Nella domanda c'è una certa confusione insieme alla constatazione di una verità importante. Tanto per cominciare il peccato non è un problema "istintuale". Gli istinti possono spingerci a peccare, questo è vero, ma il peccato implica sempre una scelta morale che è frutto di una deliberazione che mette in gioco l'intelligenza, la ragione e la volontà. Non si pecca per istinto, si pecca perché si vuole fare del male, perché scegliamo di andare contro l'ordine morale inscritto anche nella nostra coscienza.

Gli animali che vivono in una dimensione realmente istintuale non peccano in alcun modo. Non possono peccare perché i loro atti non sono imputabili, mancando in loro l'essere personale libero, intelligente e auto-cosciente. Anche l'uomo, se è quando agisce in modo puramente istintivo non pecca, e anche la legge civile - quando la cosa è dimostrabile - non gli imputa alcun reato. È il caso, per esempio, della legittima difesa. Colui che, accecato dalla paura, apre istintivamente il fuoco sul suo aggressore uccidendolo, non può essere definito assassino e quindi non può essere condannato.

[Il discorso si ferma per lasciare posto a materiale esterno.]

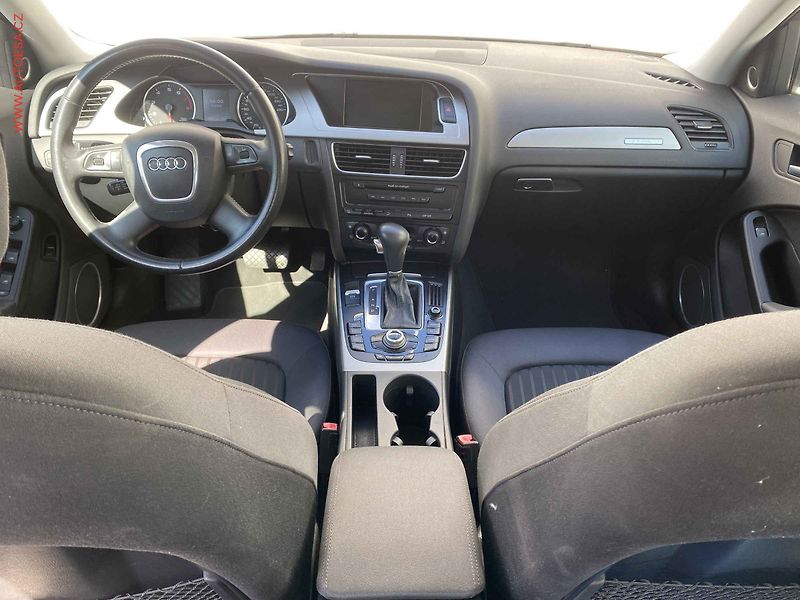 Audi A4 (2008) 3.2FSi Quattro, ČR, AT, navi - fotka 8 z 19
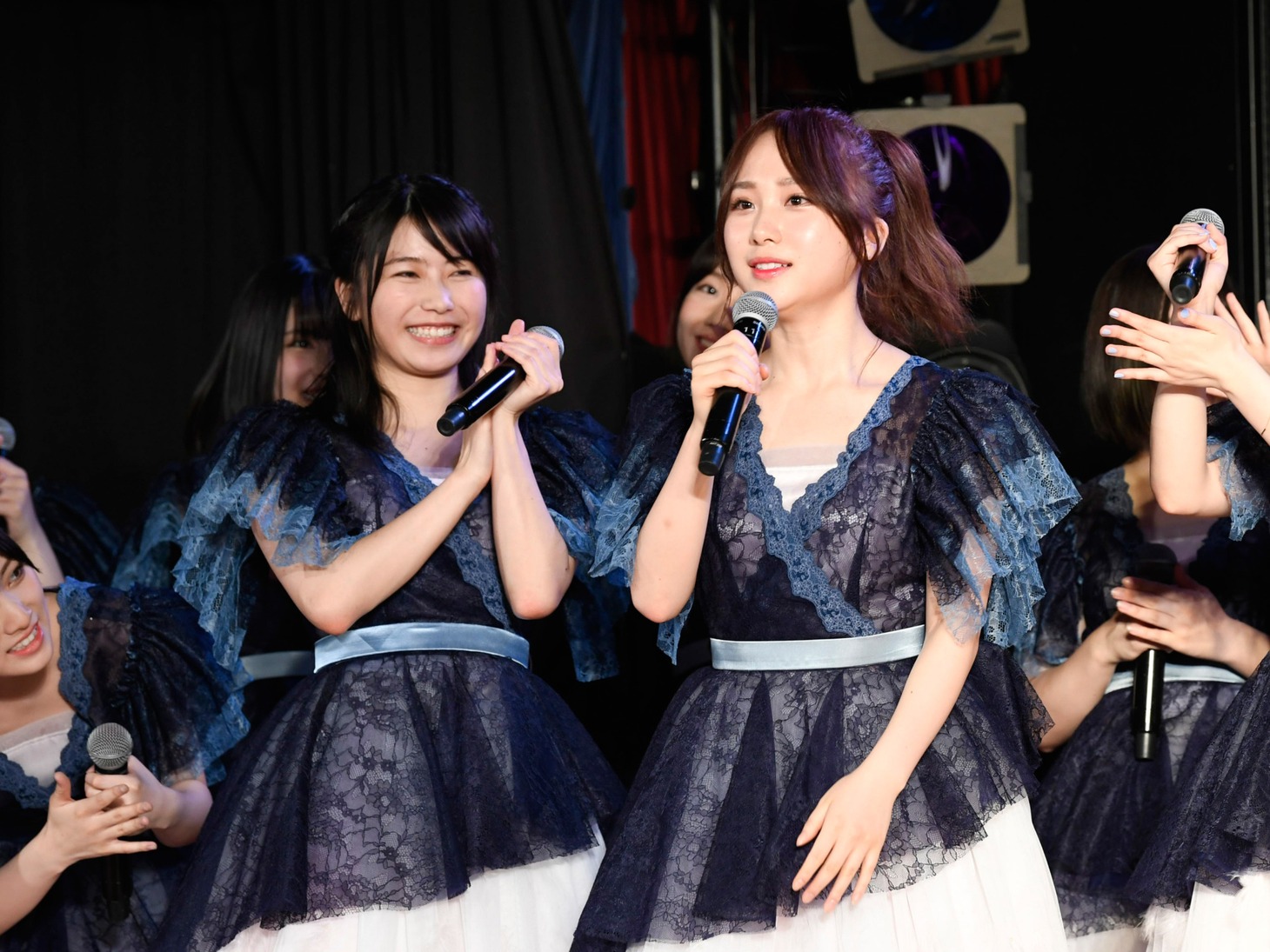 「AKB48 53rdシングル 世界選抜総選挙」の結果を聞くAKB48メンバー。(c)AKS
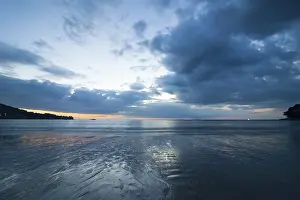 Tropical Beach Sunset Drucke: Sunset at tropical sandy beach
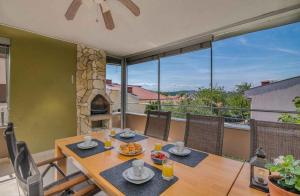 Apartment in Soline - Insel Krk 51996 - 4hvězdičkové hotely ve městě Soline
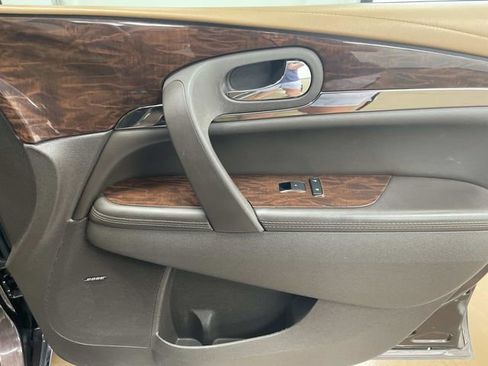 Used 2015 Buick Enclave Leather w/ Trailering Package FWD image 29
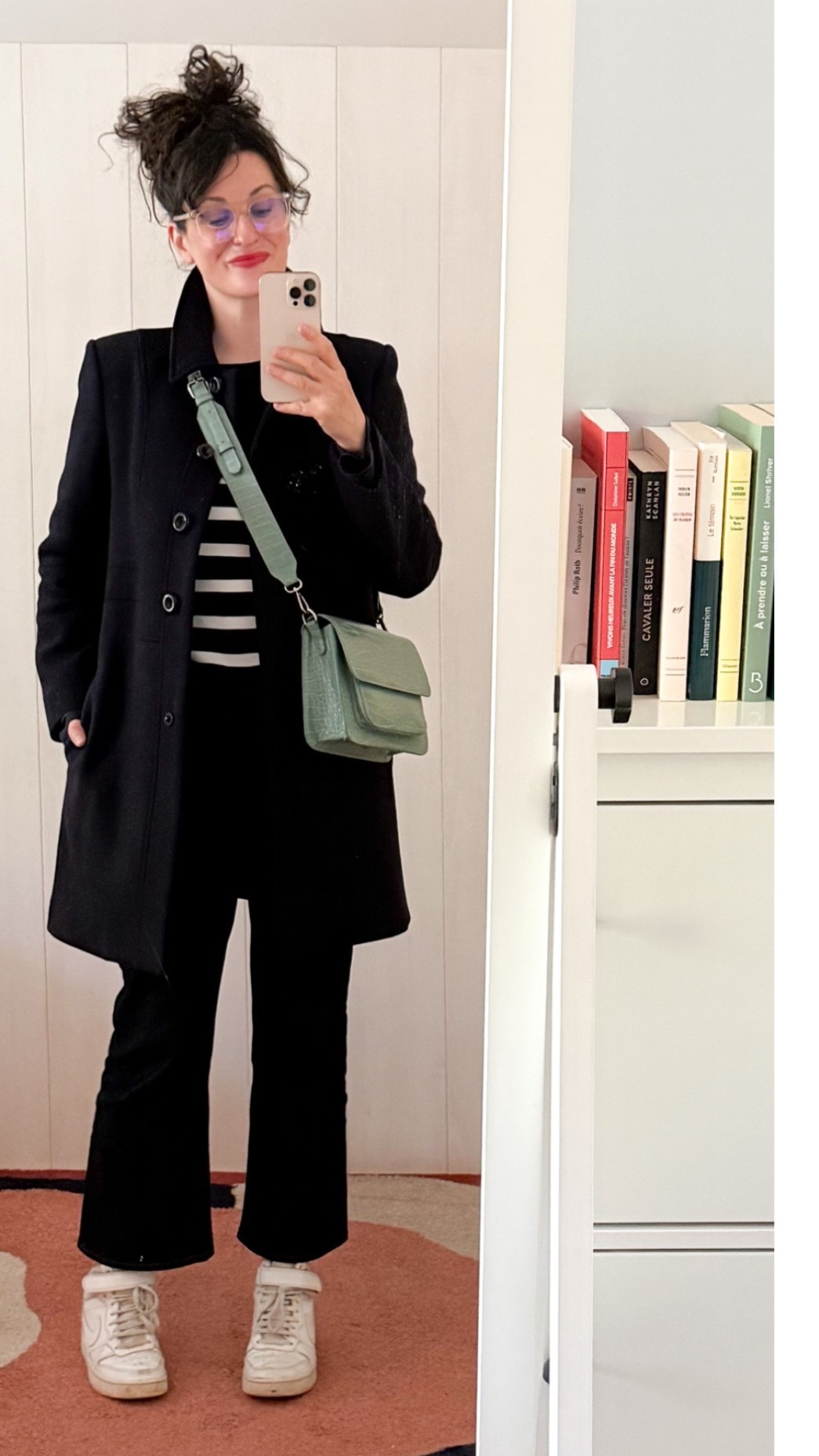 • Lunettes #calvinklein
• Manteau en laine marine #tarajarmon
• Pull en maille 3D #uniqlo
• Jean brut kick flare #calvinklein
• Sac à main vert pâle #hvisk
• Baskets montantes #nike
• Baume coloré #labello 

#LTKfrance #LTKspring #LTKeurope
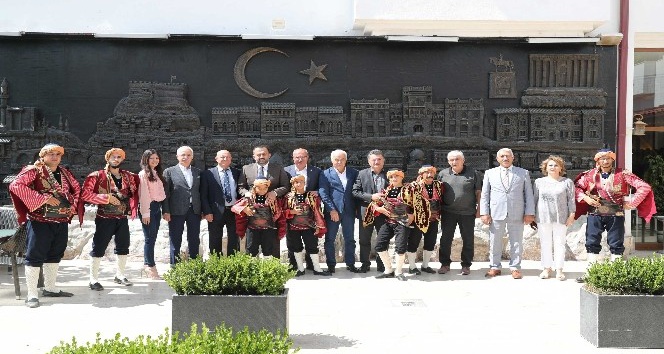 ATO, Atatürk’ün Ankara’ya gelişinin 100. yılını kutlamaya hazırlanıyor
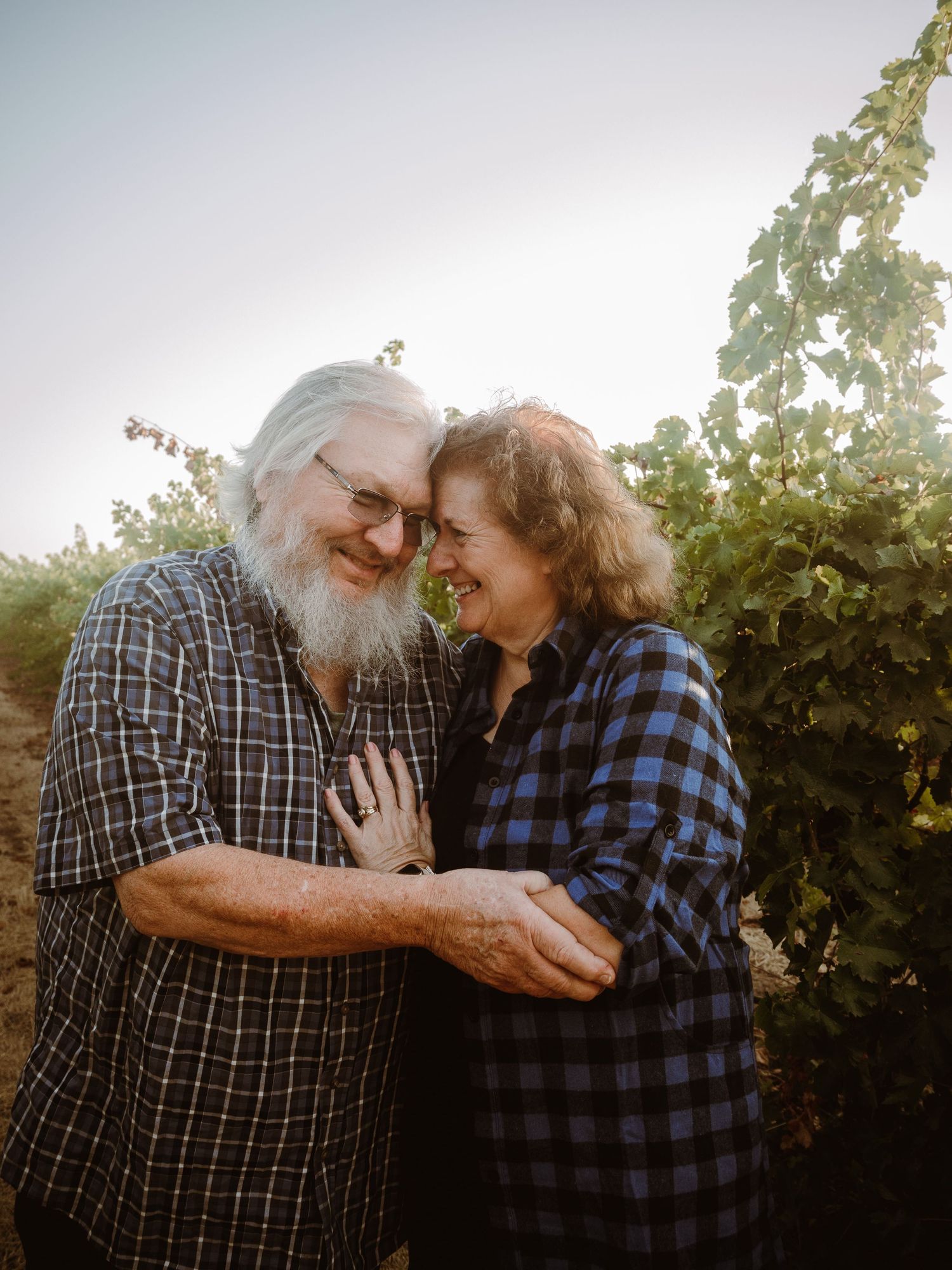 engagement, lodi, bay area, beach, wedding, couples, portraits, poc, groomsmen, bridesmaid, cake, bride, groom, san Francisco, stockton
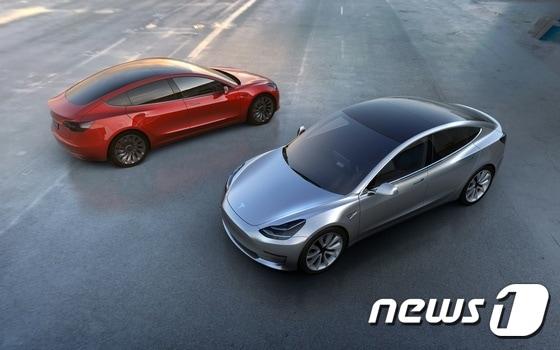 본문 이미지 - 3월31일(현지시간) 테슬라자동차가 공개한 모델 3 세단. ⓒ AFP=뉴스1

La legge morale non è una sovrapposizione alla struttura antropologica (struttura intrinseca dell'uomo), ma risponde alle esigenze più profonde dell'uomo e della ragione. Ecco perché anche un non credente, un ateo, soprattutto se libero da condizionamenti ideologici, è sensibile alla voce della coscienza che risponde alla legge morale naturale. Potrà non esserci una corrispondenza piena, potranno esserci anche tante contraddizioni, ma mai un'insensibilità radicale. La morale cristiana risponde alla morale naturale, integrandola, esplicandola e - in ultima analisi - perfezionandola. In ognuno di noi in fondo risplende la luce insopprimibile della verità, ed è una luce che chiede di essere rispettata:

 

«In realtà l'ira di Dio si rivela dal cielo contro ogni empietà e ogni ingiustizia di uomini che soffocano la verità nell'ingiustizia, poiché ciò che di Dio si può conoscere è loro manifesto; Dio stesso lo ha loro manifestato. Infatti, dalla creazione del mondo in poi, le sue perfezioni invisibili possono essere contemplate con l'intelletto nelle opere da lui compiute, come la sua eterna potenza e divinità; essi sono dunque inescusabili, perché, pur conoscendo Dio, non gli hanno dato gloria né gli hanno reso grazie come a Dio, ma hanno vaneggiato nei loro ragionamenti e si è ottenebrata la loro mente ottusa. Mentre si dichiaravano sapienti, sono diventati stolti e hanno cambiato la gloria dell'incorruttibile Dio con l'immagine e la figura dell'uomo corruttibile, di uccelli, di quadrupedi e di rettili.

Perciò Dio li ha abbandonati all'impurità secondo i desideri del loro cuore, sì da disonorare fra di loro i propri corpi, poiché essi hanno cambiato la verità di Dio con la menzogna e hanno venerato e adorato la creatura al posto del creatore, che è benedetto nei secoli. Amen» (Rm 1,18-25).